For the last year, Green and his staff have worked toward keeping the STEM credentials, and they also set new goal to earn the state’s first STEAM certification, a distinction they recently acquired after a rigorous process of interviews, observations and evaluations.
“We first heard about it a year ago, and we immediately revised our vision,” said Green. “And we were well down that road: We had started a three-year partnership with the Alliance Theatre.”
Having that partnership was a key component to introducing the “arts” into the STEAM mix. The program provides a teaching artist who works directly with students on ways they may not realize are incorporating math and science concepts in a visual project.

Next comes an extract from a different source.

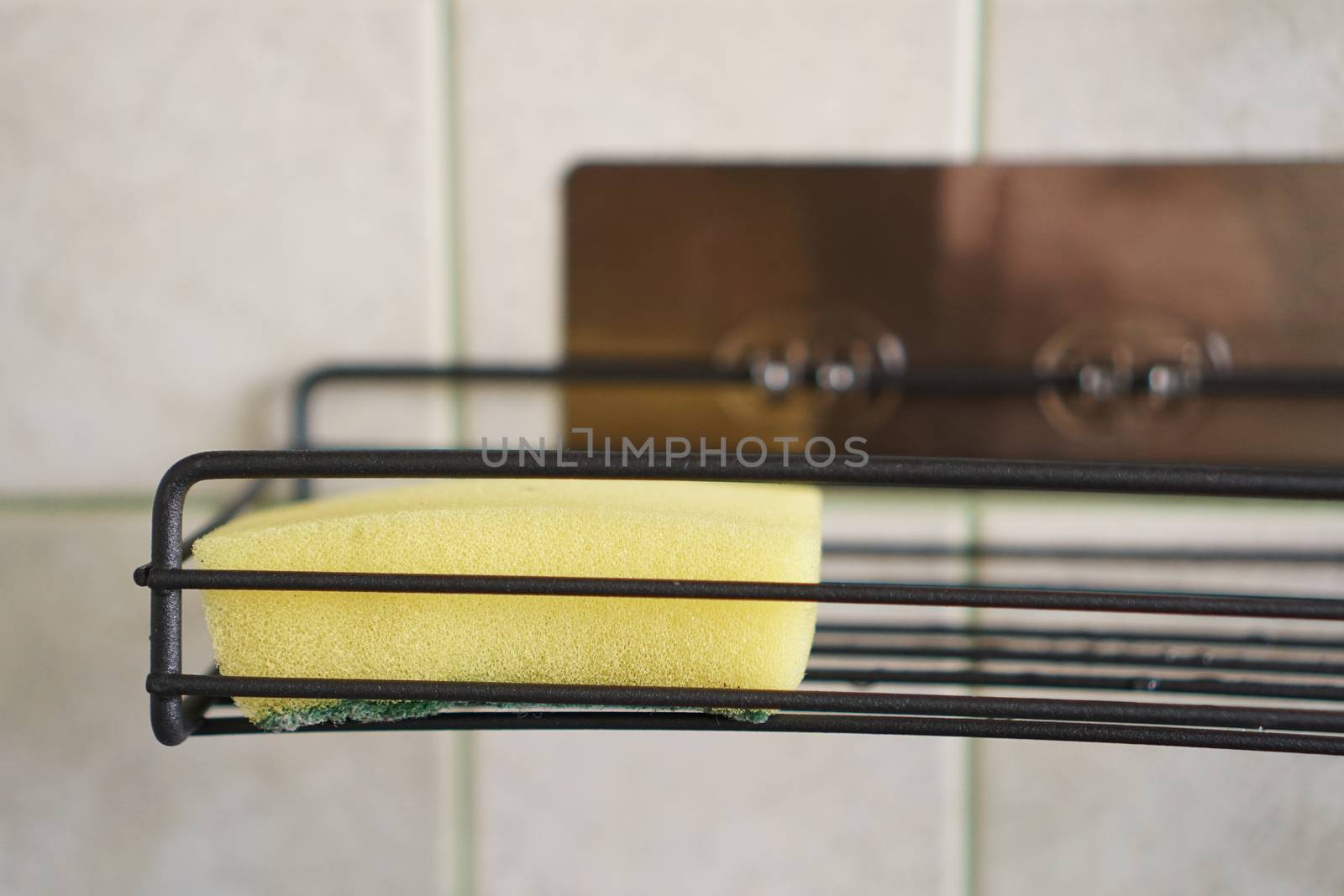 Sponge for washing dishes on metal shelf in kitchen. Concept of cleaning. Close-up interior. No people.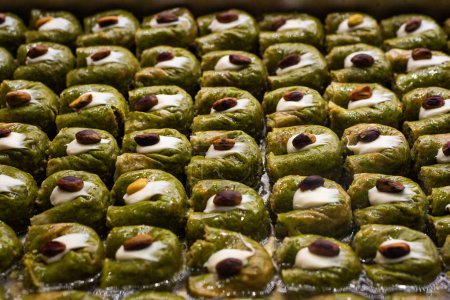 Photo for Turkish sweet baklava on tray. Traditional Baklava from Gaziantep, Turkey. Baklava with pistachio. - Royalty Free Image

“For instance we’ve had students writing dialogue to explain the water cycle, then acting it out,” said Green. “The data indicates students are more proficient around concepts presented that way.”
Teacher Celithia Tahtinen has seen the positive results of incorporating artistic approaches into her science lessons with the youngsters in her first-grade classroom.
“We’ve integrated science as the kids create stop-motion plays,” she said. “It’s also helped the kids really open up. By letting them be creative and use writing and acting materials, it’s become a totally different class.”
Conversely, teacher Kristyn Lopez has embraced science in her fine and visual arts lessons.
“Science and art – it’s an easy marriage when you think about it,” she said. “Experiments are analytical and creative, and those elements work well together. For instance, our fifth grade students are studying cells, and in art class, they had to find tiny pictures and enlarge them. Cells were perfect: Not only can they use technology to enlarge them, they also have a better understanding of the subject. Whenever students can connect their art to another subject, their work is more meaningful.”
Art classes have also connected to the school’s urban garden project. “To raise awareness about portioning and world hunger, the kids made clay bowls designed for right-sized portions,” said Green. “It’s just one example of how the five areas of STEAM are interconnected. And we have projects like that going on every semester, in every level, even kindergarten.”
While creating a seamless learning structure, STEAM and its project-based approach is bring a new level of enthusiasm for assignments, said Green.
“Kids are going home energized and getting their parents involved,” he said. “That’s also increased our parent involvement. And most of all, it’s giving meaning to the work the students do.”